- [Exercise] Count up the lines below where the word "Intrend" shows up, and respond with the number alone.

========================================

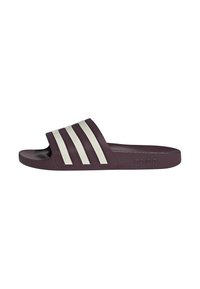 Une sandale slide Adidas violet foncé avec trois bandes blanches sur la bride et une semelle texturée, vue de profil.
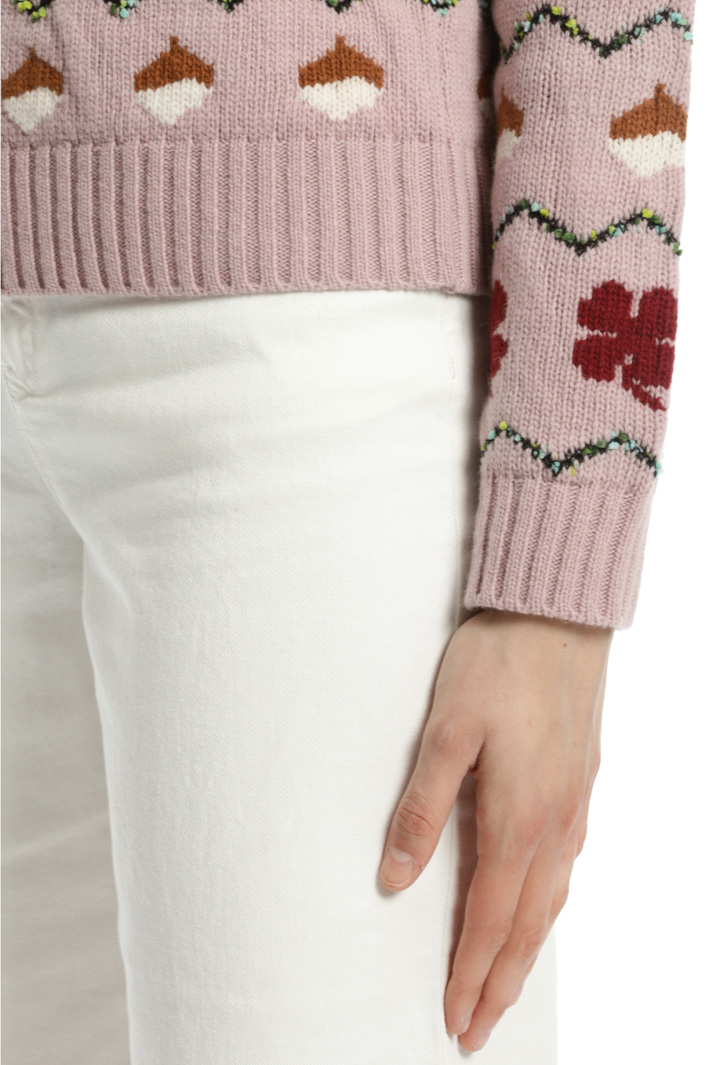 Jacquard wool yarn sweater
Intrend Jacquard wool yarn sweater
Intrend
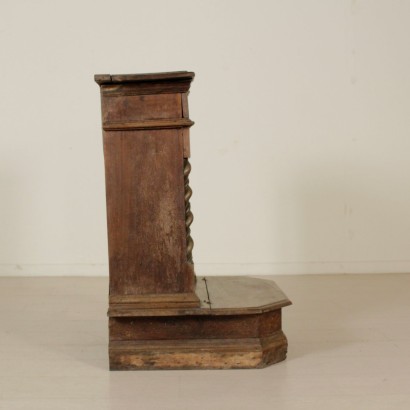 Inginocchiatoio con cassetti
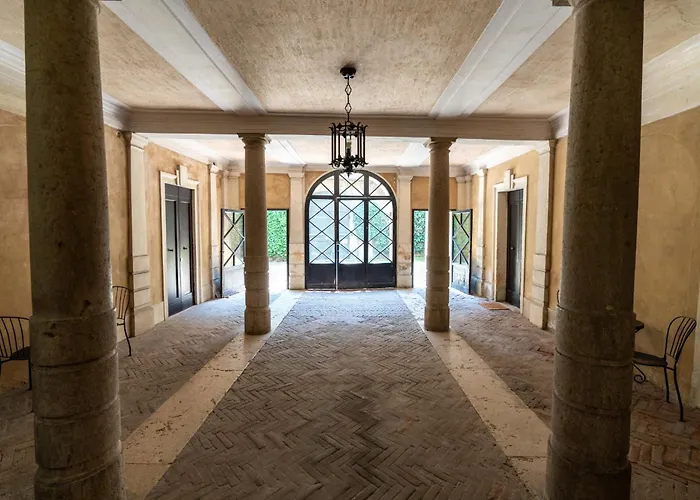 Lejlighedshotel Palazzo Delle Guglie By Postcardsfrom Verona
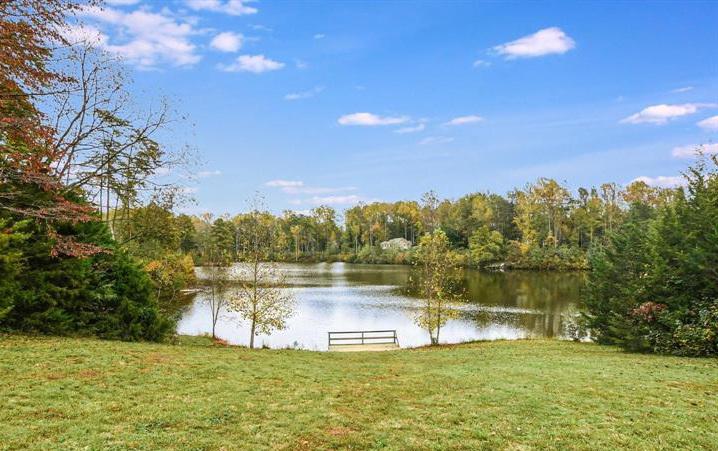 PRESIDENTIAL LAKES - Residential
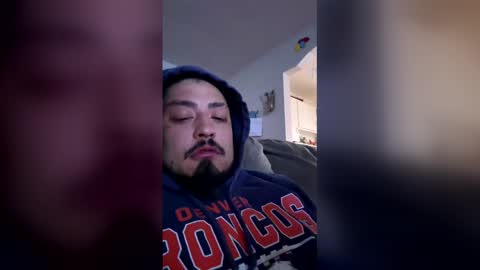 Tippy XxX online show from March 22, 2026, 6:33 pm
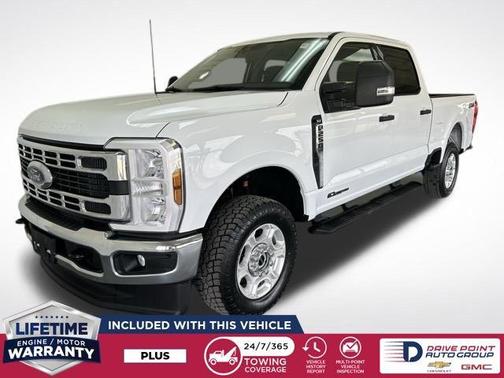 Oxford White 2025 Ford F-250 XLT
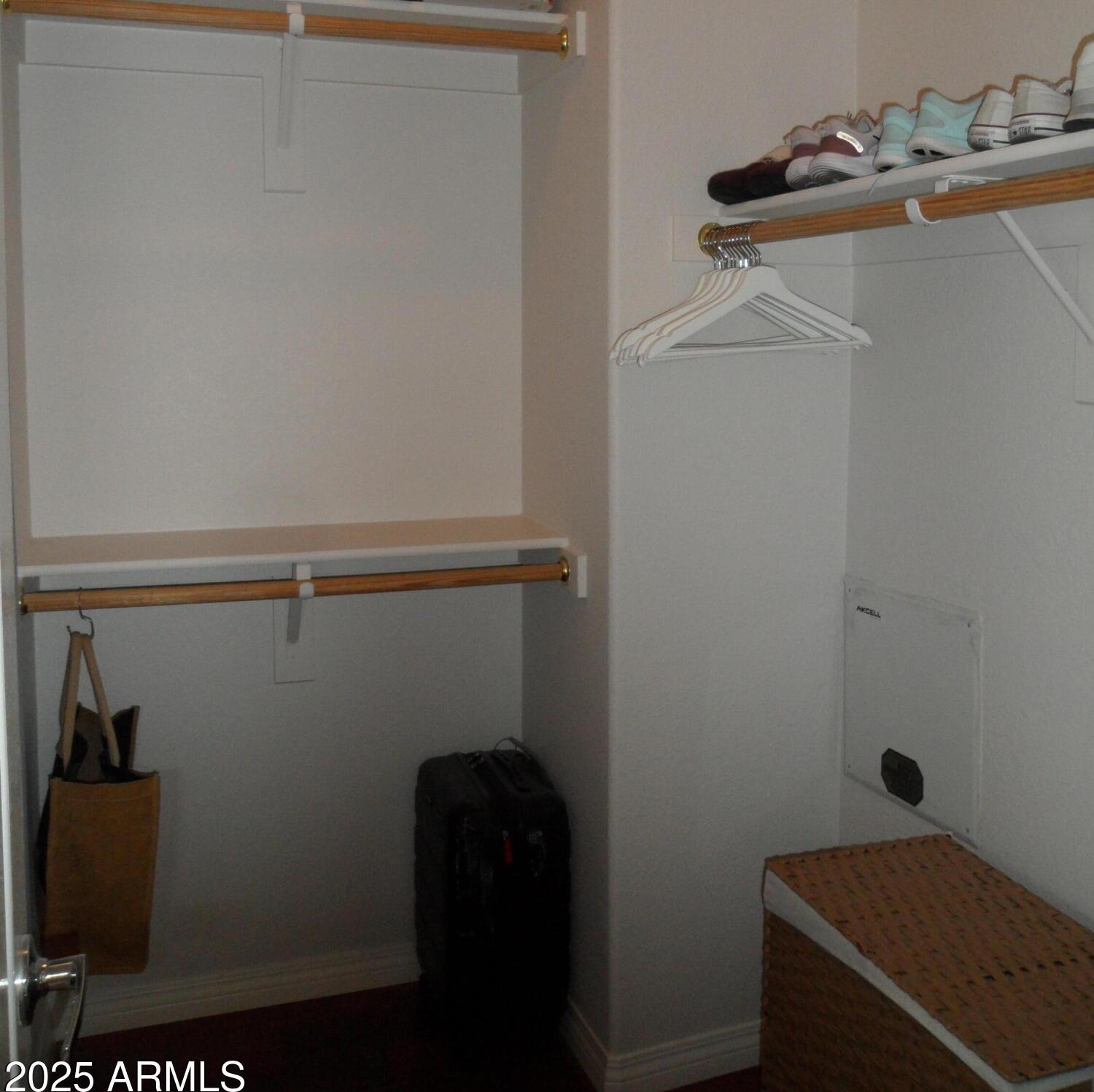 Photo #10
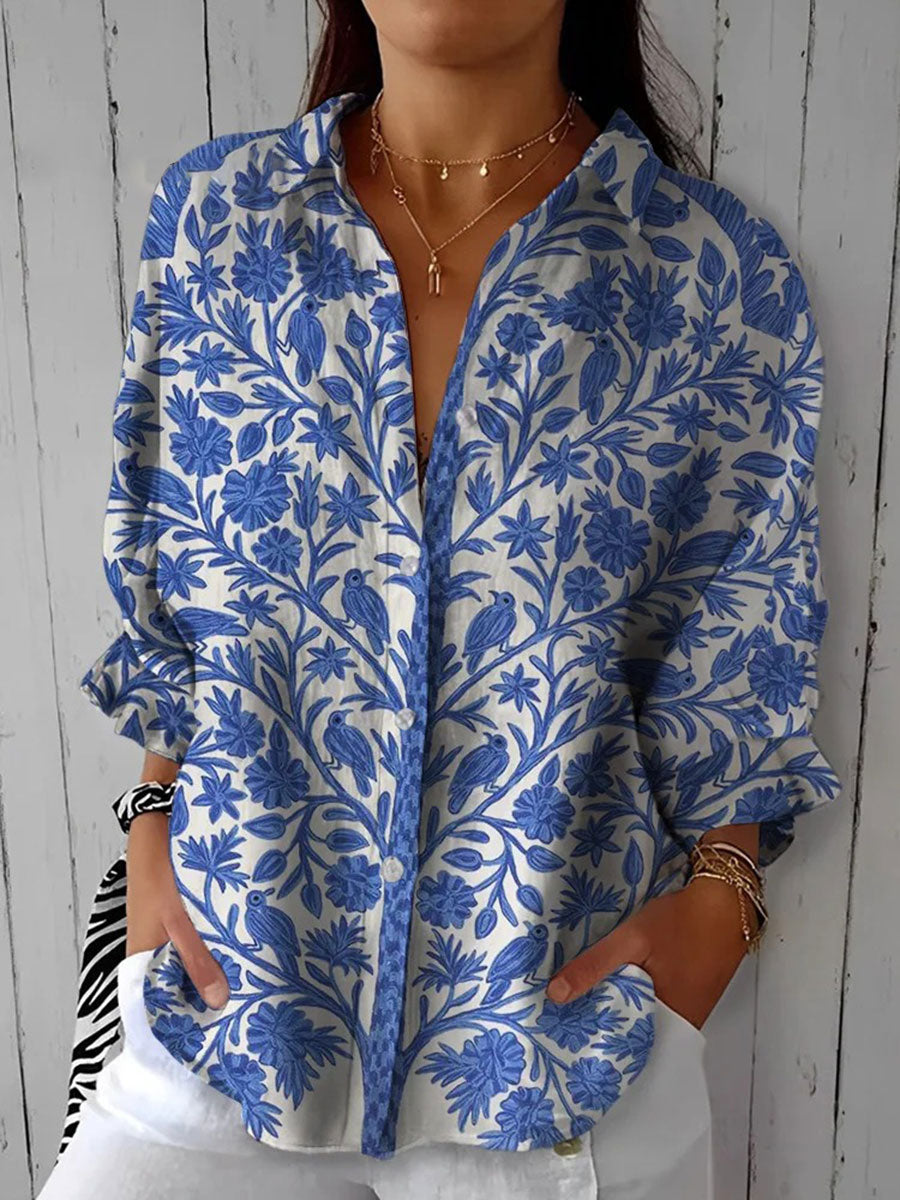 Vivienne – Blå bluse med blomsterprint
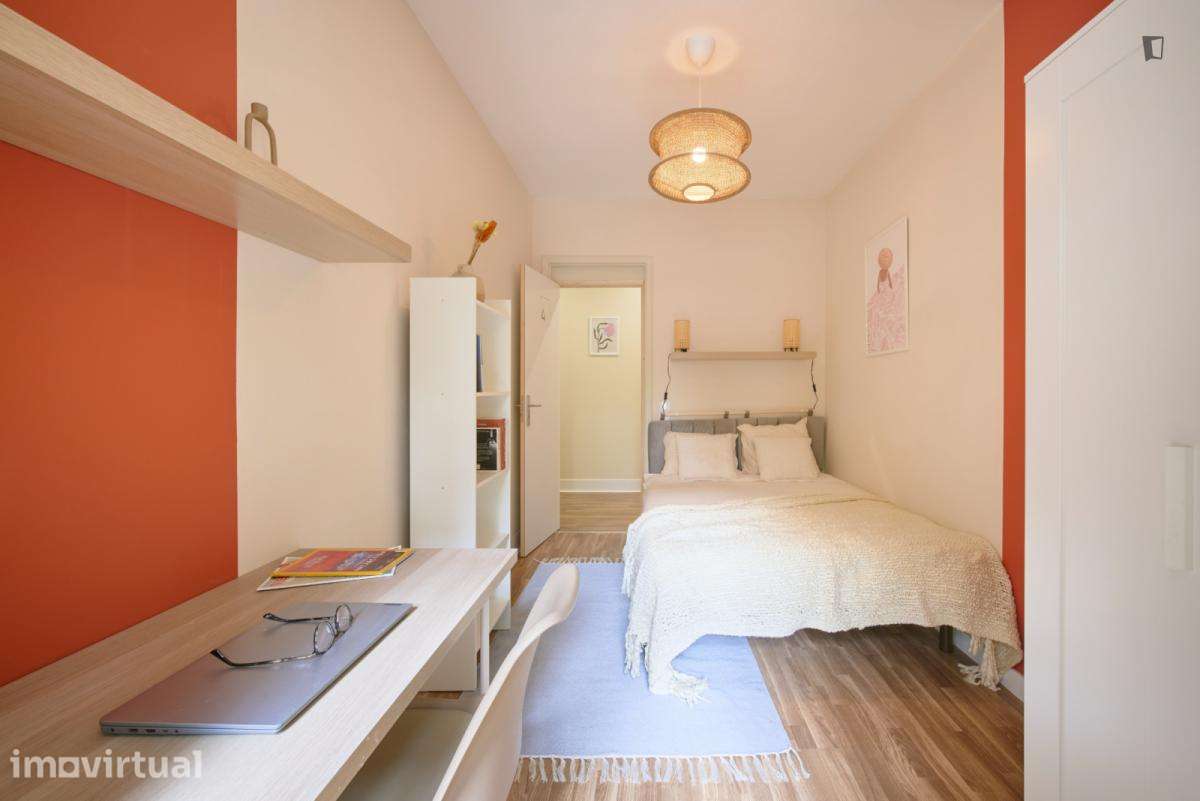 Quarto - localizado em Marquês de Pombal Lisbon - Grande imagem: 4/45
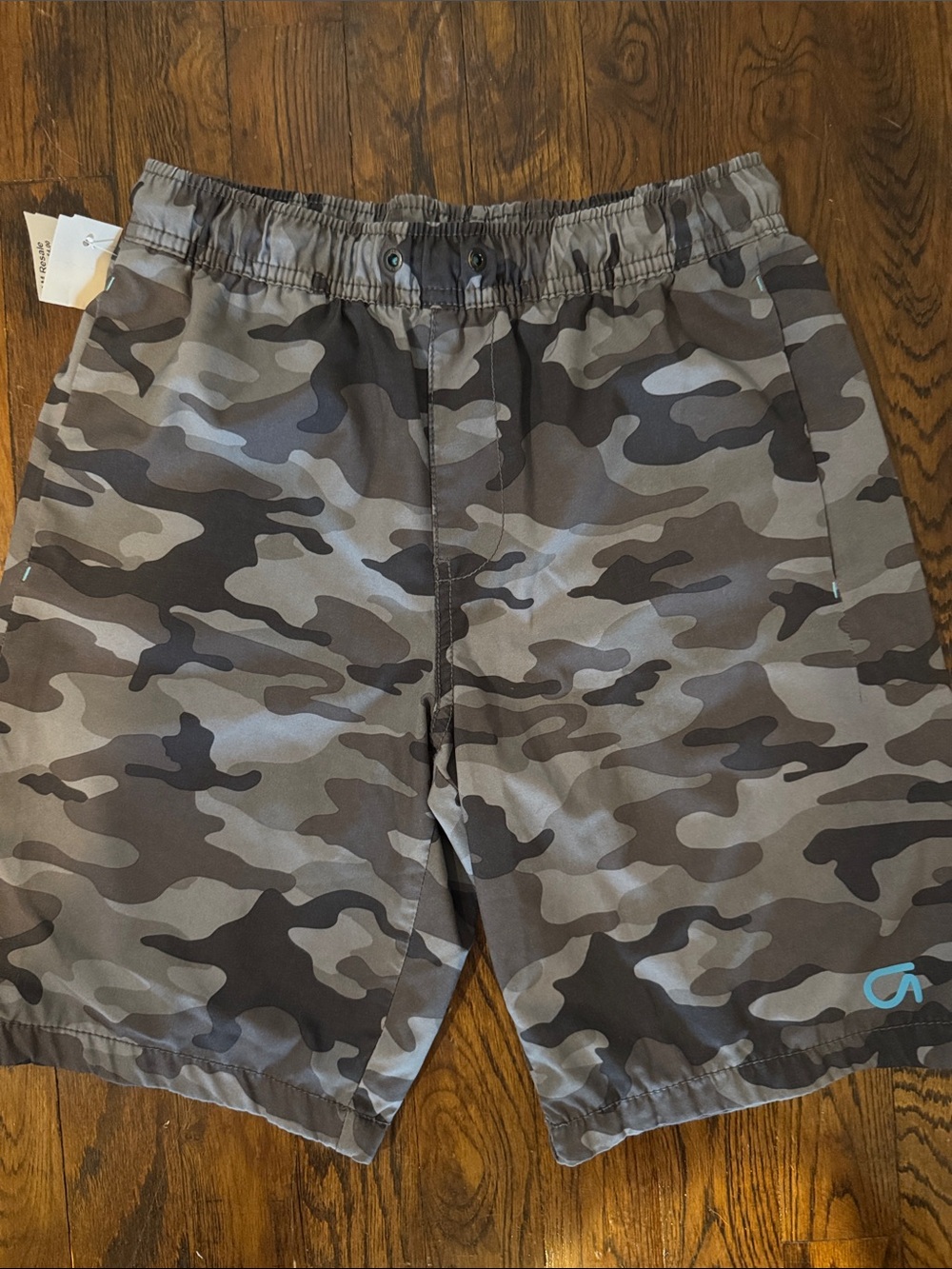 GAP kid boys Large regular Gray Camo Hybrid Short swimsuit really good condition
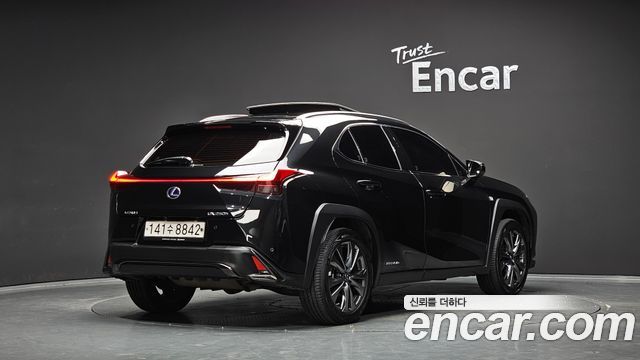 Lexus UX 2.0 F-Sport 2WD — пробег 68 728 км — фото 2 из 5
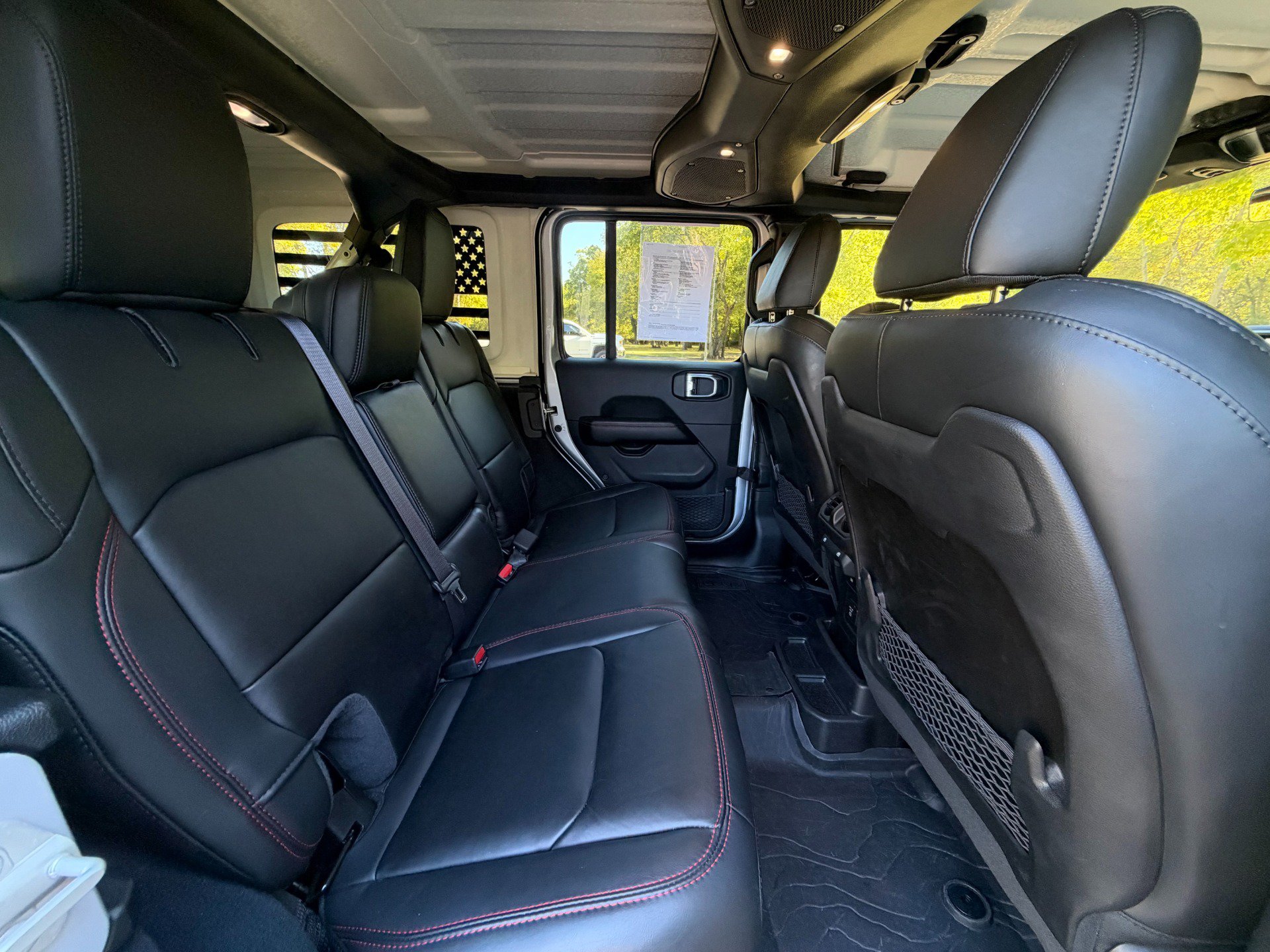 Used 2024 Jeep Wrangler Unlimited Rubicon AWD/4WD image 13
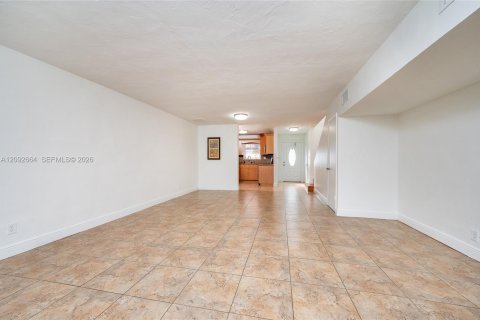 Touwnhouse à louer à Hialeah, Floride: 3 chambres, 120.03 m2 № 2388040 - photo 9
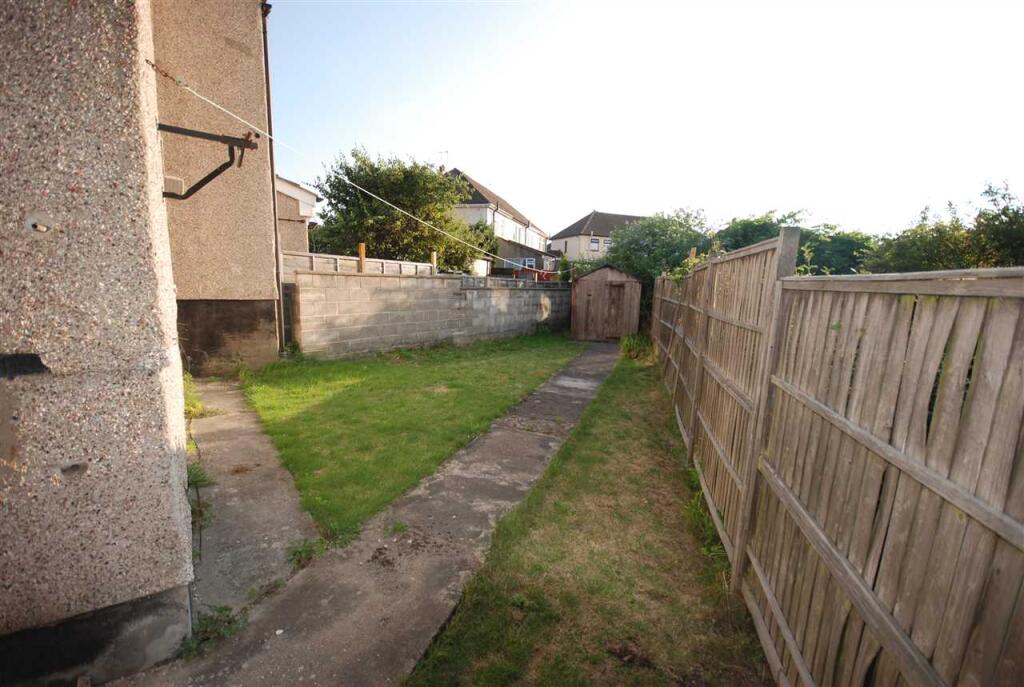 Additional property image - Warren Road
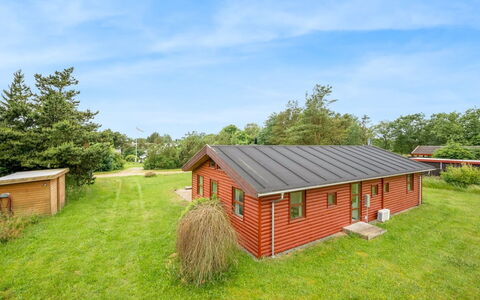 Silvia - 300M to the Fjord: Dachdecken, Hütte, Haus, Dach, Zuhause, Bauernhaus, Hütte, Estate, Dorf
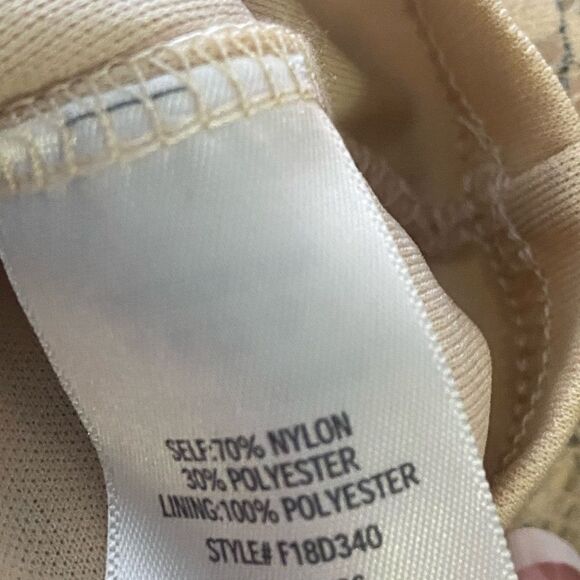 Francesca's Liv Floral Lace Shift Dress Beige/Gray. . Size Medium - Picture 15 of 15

========================================

- [Output of the exercise] 2